Strumming basics: down, up, and groove
Concept
Strum from the wrist, not the elbow. The simplest pattern is all down-strums on the beat. Add upstrokes on the 'and' of beats for groove.
Counting eighth notes
Each beat in 4/4 time can split in half: - Beats: 1, 2, 3, 4 - Eighths: 1 & 2 & 3 & 4 &
Down-strums fall on the numbers. Up-strums fall on the '&'. If you keep your hand moving in constant down-up motion (like a metronome), all you have to do is decide which strums actually hit the strings.
Three patterns that cover 80% of songs
Pattern 1 — Quarter notes (easiest): D D D D (one strum per beat)
Pattern 2 — Old standby: D - D U - U D U (count: 1 _ 2 & _ & 4 &)
Pattern 3 — Folk feel: D D U _ U D U (count: 1 2 & _ & 4 &)
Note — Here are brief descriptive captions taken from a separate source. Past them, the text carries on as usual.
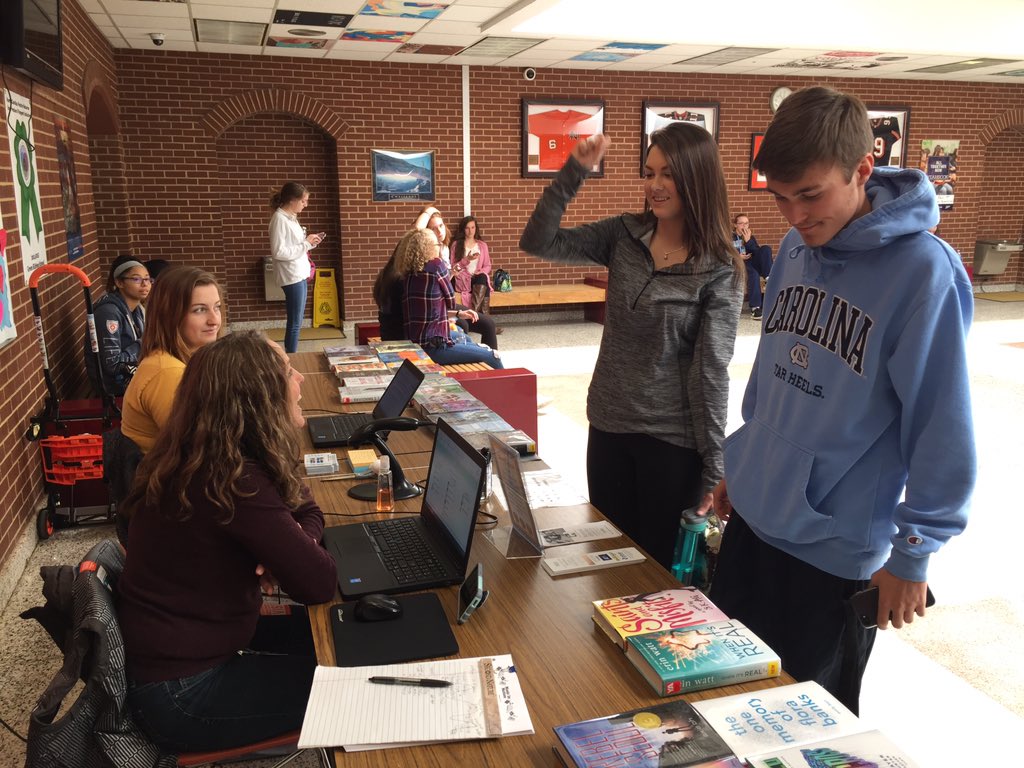 PigCityBooks's tweet image. End of #teentechweek @NorDaHI and DCPL is here doing free library cards.  Look what I got!  @dcsnc #DCSreads #readersareleaders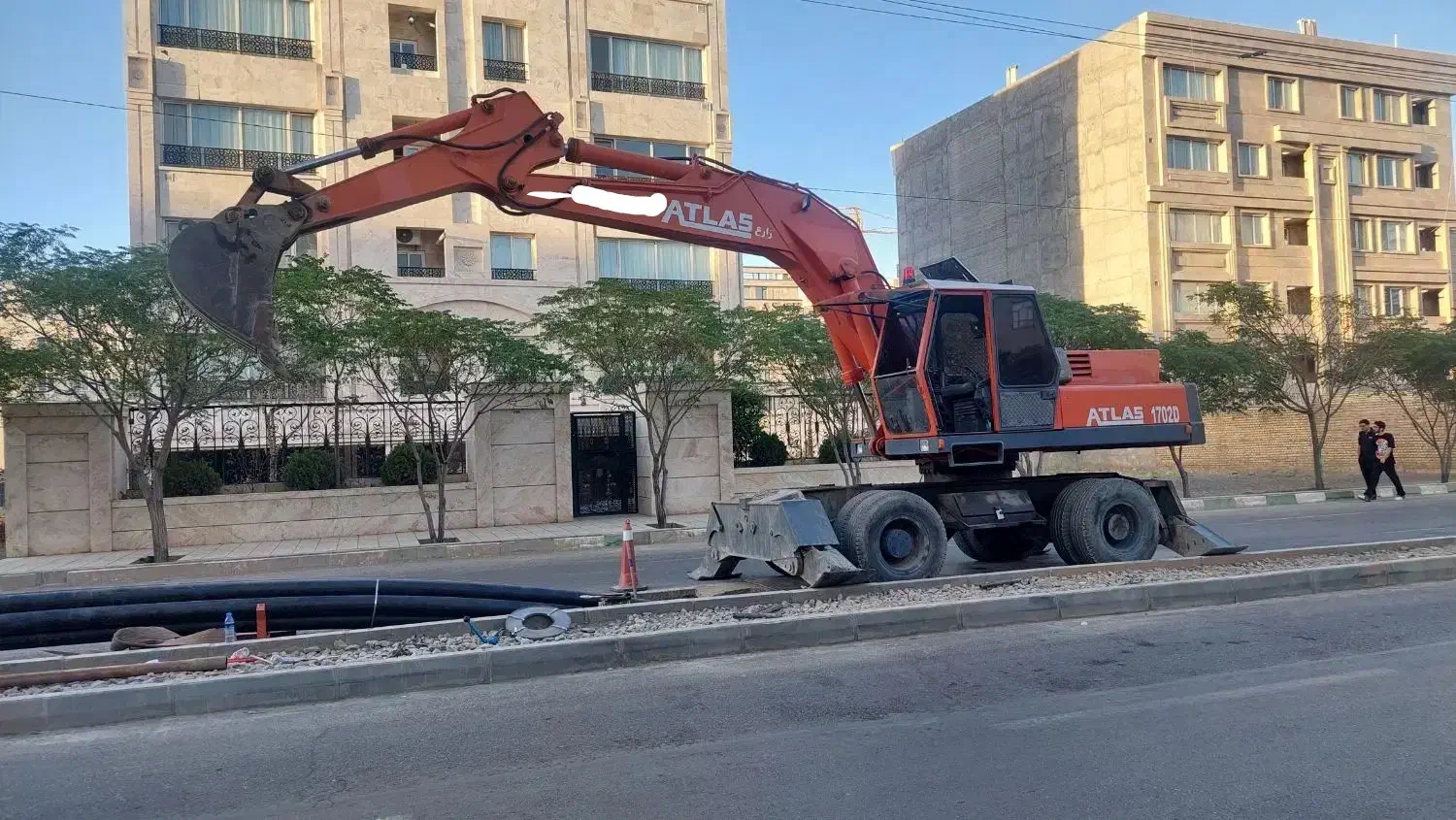 بیل لاستیکی اطلس ۷۰۲|خودرو سنگین|تهران, ونک|دیوار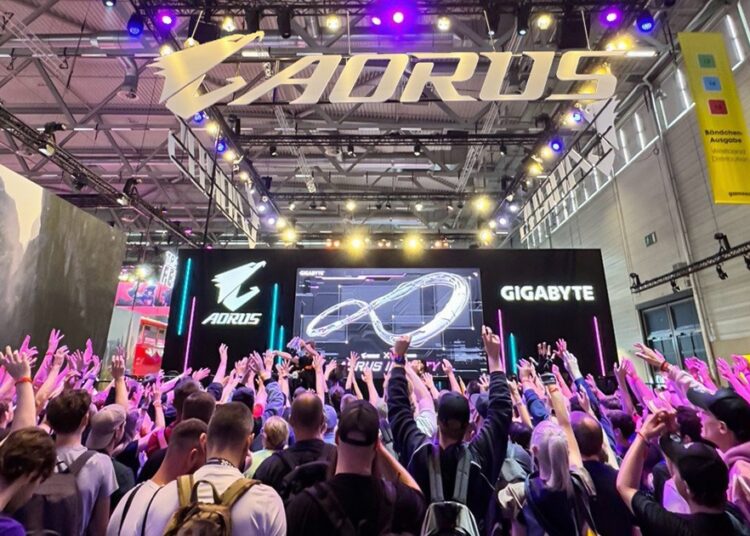 “جيجابايت” تختتم مشاركتها في Gamescom 2026 باستعراض AORUS INFINITY
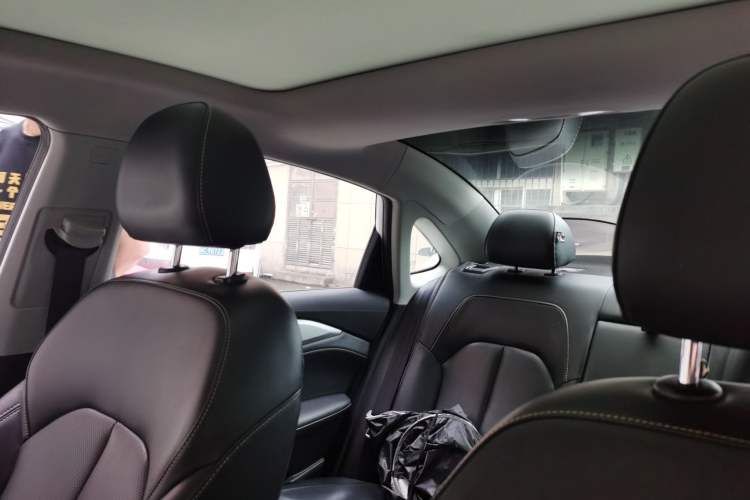 Used Roewe i6 MAX New Energy 2022 EV 600 Grand Touring Edition with Skyroof Headliner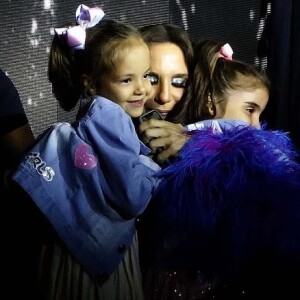 Filhas gêmeas de Ivete Sangalo explodem a internet de fofura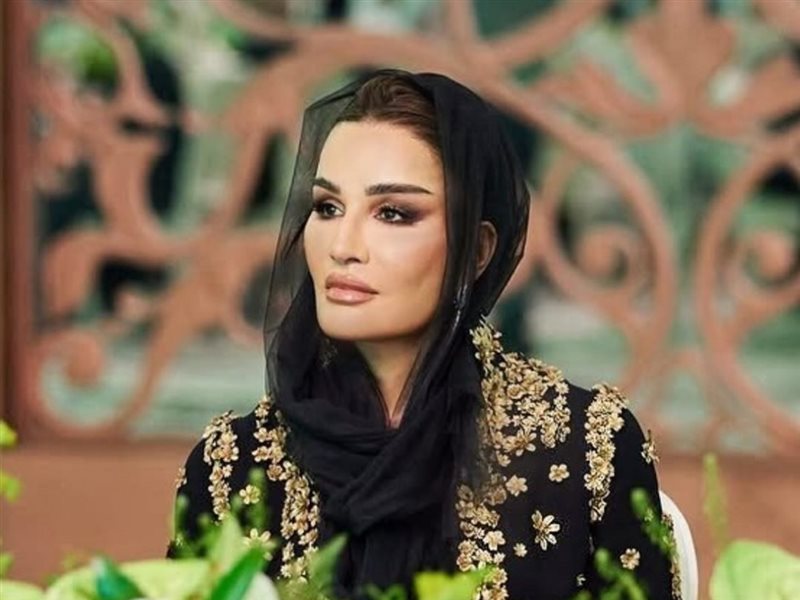 الشيخة موزا تخطف الأنظار بإطلالة أنيقة من فالنتينو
Keep your hand moving down-up the whole time. The dashes are just upstrokes that miss the strings.
Wrist, not arm
Strumming with your elbow is exhausting and inflexible. Let your wrist rotate like you're turning a doorknob. The pick should glide across the strings, not punch them.
Key takeaways
- •Wrist does the work, not the arm.
- •Keep the hand moving in steady down-up motion.
- •Three or four strumming patterns cover most songs.
Glossary
- Downstroke
- Strumming from low strings toward high strings.
- Upstroke
- Strumming back up from high strings to low.
- Eighth note
- Half a beat. Falls on the '&' between numbered beats.